The Doctor, when it comes down to it, is a really irresponsible person. Yes, he is a good guy, your planet will be safe, but he doesn't do his thing with anything resembling a plan. The only kind of plan he has ever had has never really changed, walk into trouble, fix the problem, save the day and then leave before the clean-up can begin. Of course there are convenient reasons for this, it is the most convenient way of getting the Doctor to his next adventure. But it is also a part of his character and has been from the very beginning, the Doctor can charm you and save your life but you can't really rely on him Minutes after blowing up a fleet of Dalek ships, he's off to the next planet. He never sticks around to see if his actions will cause new problems.
It is that very point which makes up the heart of The Face of Evil and it shows how awful it can be when the Doctor makes a mistake. For this story, some time in the past, The Doctor had met some planetary colonists and helped them to repair their super-intelligent computer, Xoanon. Instead, he made it go insane, the Doctor's personality is imposed on Xoanon in a schizophrenic break. But he leaves before checking his work and this means bad news for those he was trying to save. Xoanon quickly becomes a jailor and their god, destroying their high-tech society so it can perform eugenics experiments on them but pitting the two tribes against each other for centuries. What was once a peaceful group of people, trying to build a new life on a far away planet becomes a hellish life for the computer like Tesh and the tribe of the Sevateem, where the Doctor's new companion Leela comes from. The Tesh were the technicians while the Sevateem were the survey team. They now hate each other, only less than they hate the Doctor, who in both societies appears to be the Devil incarnate. And it is easy enough to find Xoanon, given that his face has been carved into a cliff-face, miles of feet high.
As well as the introduction of Leela, The Face of Evil was the first of three scripts to be written by Chris Boucher. He love of dark, noir-ish stories fitted in well with the Robert Holmes/ Phillip Hinchcliffe look for the show. The story shows us a rather unsavoury look at the Doctor as well as the story being a particularly barked, cynical and satirical comment on religion and politics being a game of backstabbing and ruthless pragmatism. While this story doesn't rank very highly for me, it does add to the high quality of season 14, one of the best seasons of Doctor Who. One thing I particularly like about this story is the introduction of Leela, played by Louise Jameson. Leela was strong, independent and intriguing. She was a blatant attempt to add some Emma Peel-style violence and sex appeal into the show. Leela is one of the most pragmatic companions in the history of show and is still one of the finest.

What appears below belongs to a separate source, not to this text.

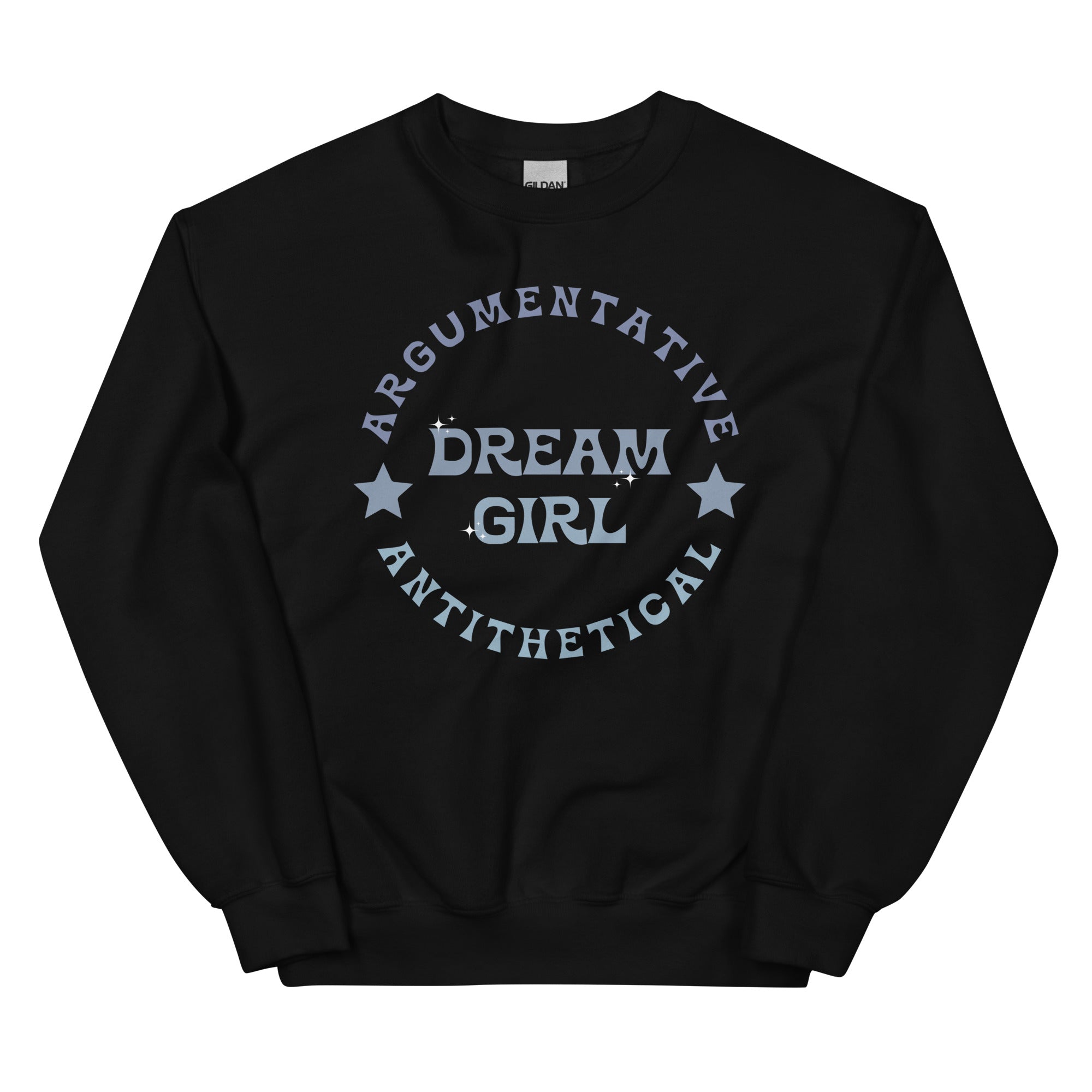 Dream Girl Midnights Blue Sweatshirt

However, if Tom Baker had had his way, the Doctor would have spent his time alone. It would free up more screen time from his co-stars and allow the series to focus entirely on him. Following on from the departure of Elisabeth Sladen as Sarah Jane Smith in The Hand of Fear, the producers gave Baker one adventure to prove that they were right, the adventure was to be The Deadly Assassin. And while this story is now considered to be a classic, at the time, Assassin wasn't a exact hit. So it was decided that in the next story, the new companion would be introduced. And given Baker's first scene it is not difficult to understand why Baker's idea was cut. The Doctor steps out of the TARDIS into a jungle, grumbling on about the ship's navigation system but deciding to look around anyway. While it was only a minor scene, a way to establish that he is lost and a way of getting him into the action sooner but that scene feels painfully staged and false mainly because Baker says his lines to the camera, rather than when he is doing his stuff. It is evident that Baker's instincts are questionable when he is alone and it is obvious that he needed other actors around to play against his magnetic grandiose eccentricity. It is when he bumps into Leela and her tribe that he goes back to being in his good Bakerish form, managing to baffle his opinions thanks to his flurry of conflicting emotions from clowning around to moral dungeon to simple curiosity. And he is plagued by guilt as he realises the error he had made in his past and the chaos it has lead too.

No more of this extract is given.